# Exercise brief
No pictures go in the copy; retype exactly the lines from the one with "Load image into" through the last line of the records.

Dataset records
>>>>

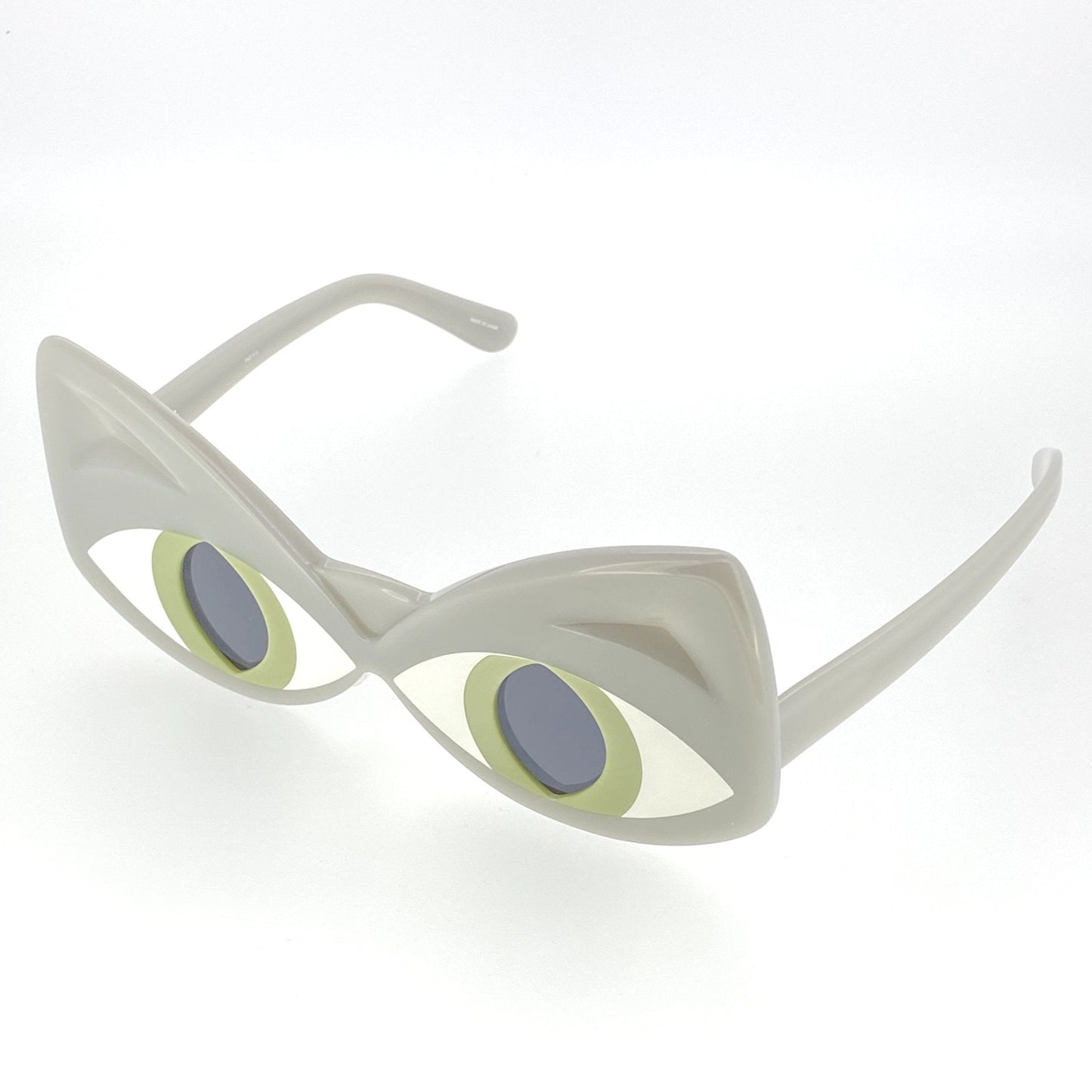 Yaz Bukey Sunglasses Cat Eyes Grey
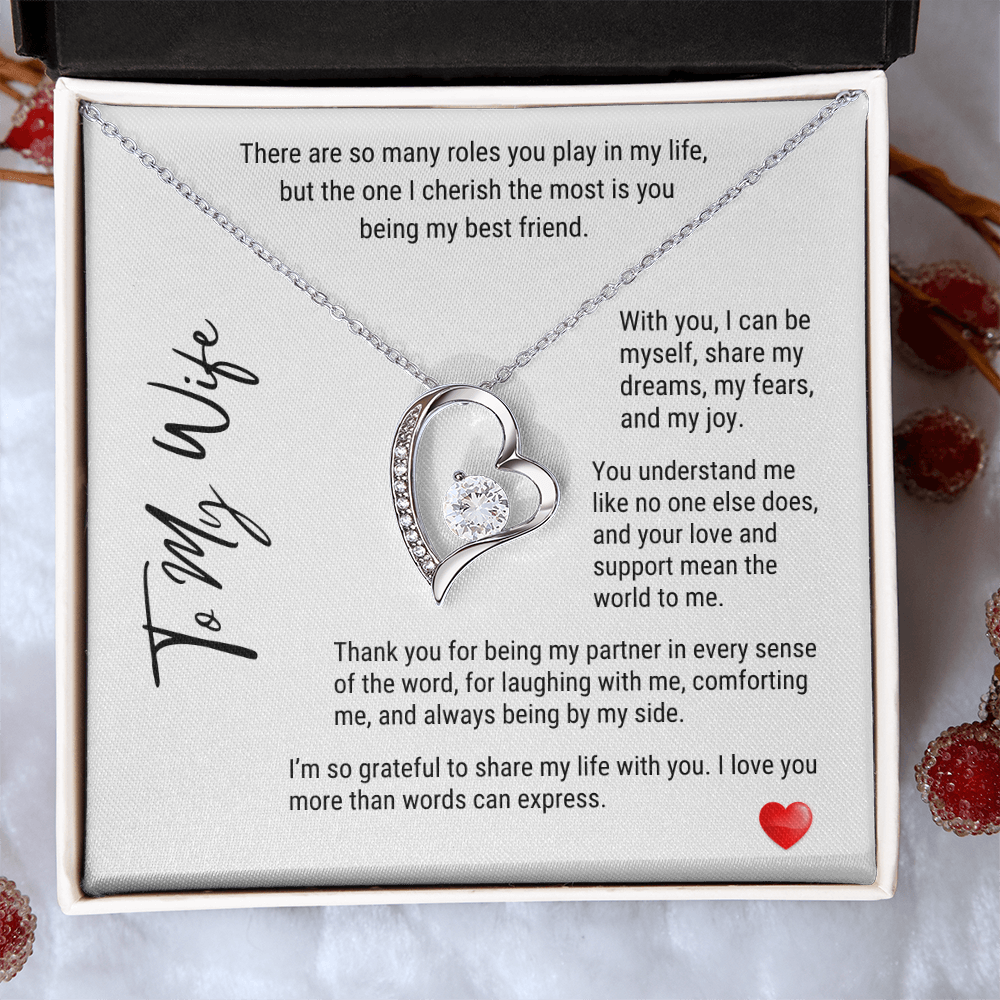 To My Wife My Best Friend - Forever Love Necklace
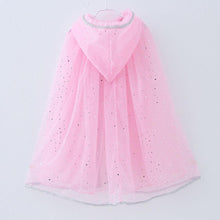 Load image into Gallery viewer, Kids Frozen Snow White Beauty and the Beast Costume Princess Elsa Anna Belle Cosplay Capes Robe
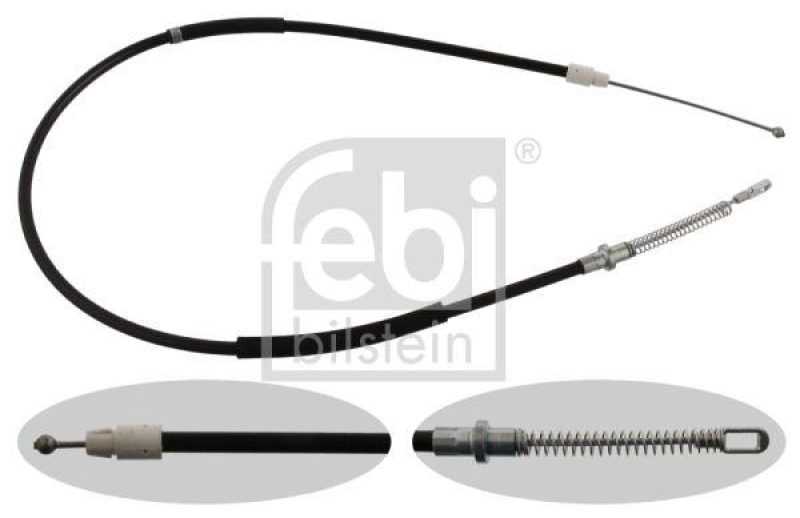 FEBI BILSTEIN 37273 Handbremsseil für Mercedes-Benz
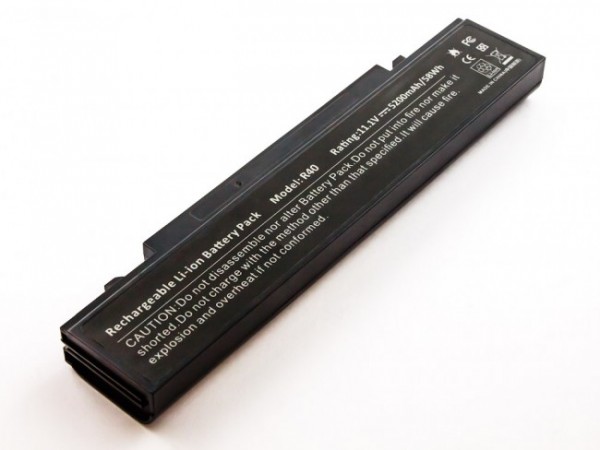 Batteri passer til Samsung X60 series, Li-ion, 11.1V, 5200mAh, 58.0Wh, sort
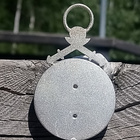 Upseeri merkki miekkoin. Halkaisija - 33 mm. Ilman nauha. - pikkukuva 4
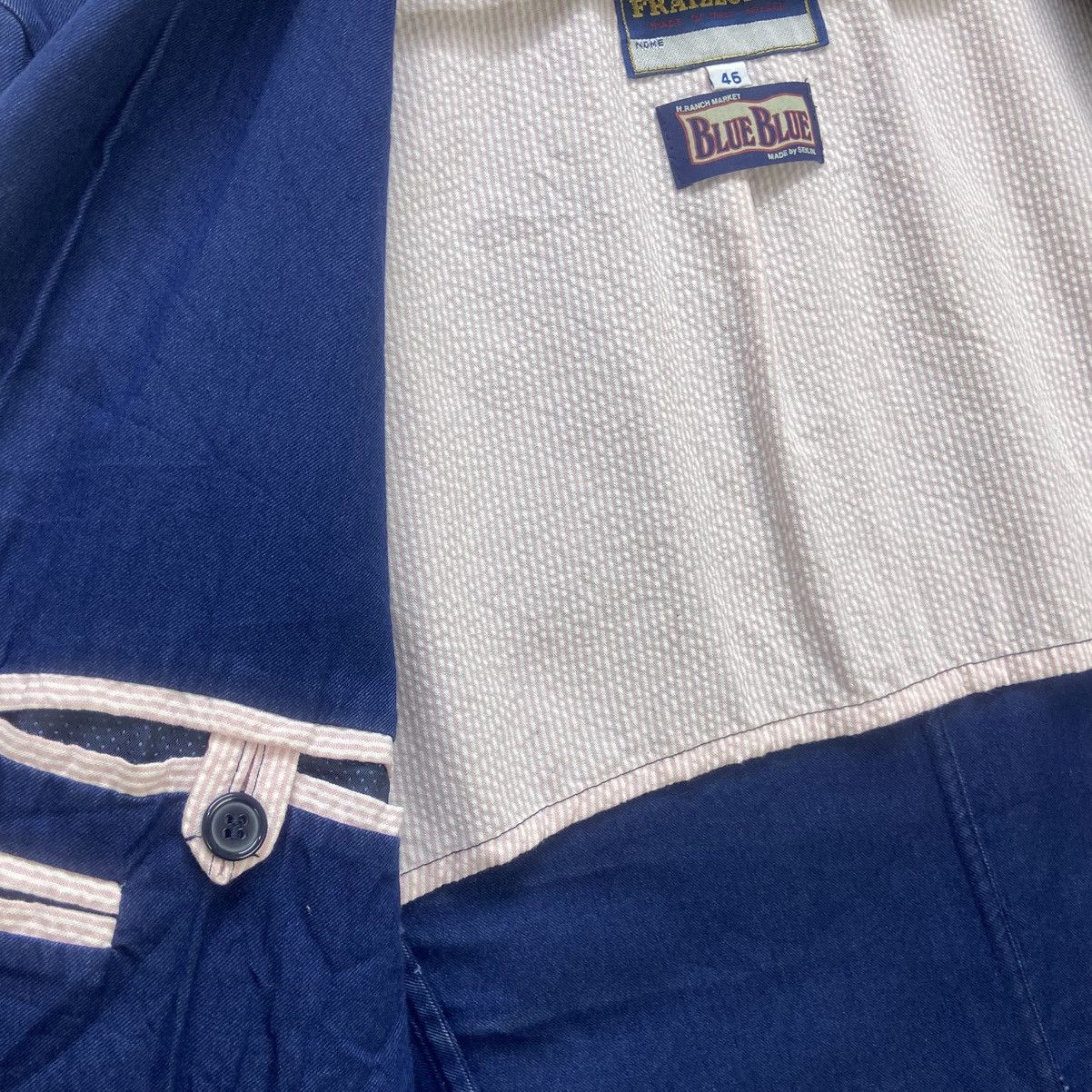 Blue Blue Japan Blue Blue Japan X Fraizzoli Milano Indigo Jacket Blazer Size US S / EU 44-46 / 1 - 17 Thumbnail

<<<<

# Result of this task
 Load image into Gallery viewer, Kids Frozen Snow White Beauty and the Beast Costume Princess Elsa Anna Belle Cosplay Capes Robe
 FEBI BILSTEIN 37273 Handbremsseil für Mercedes-Benz
 Batteri passer til Samsung X60 series, Li-ion, 11.1V, 5200mAh, 58.0Wh, sort
 Upseeri merkki miekkoin. Halkaisija - 33 mm. Ilman nauha. - pikkukuva 4
 Blue Blue Japan Blue Blue Japan X Fraizzoli Milano Indigo Jacket Blazer Size US S / EU 44-46 / 1 - 17 Thumbnail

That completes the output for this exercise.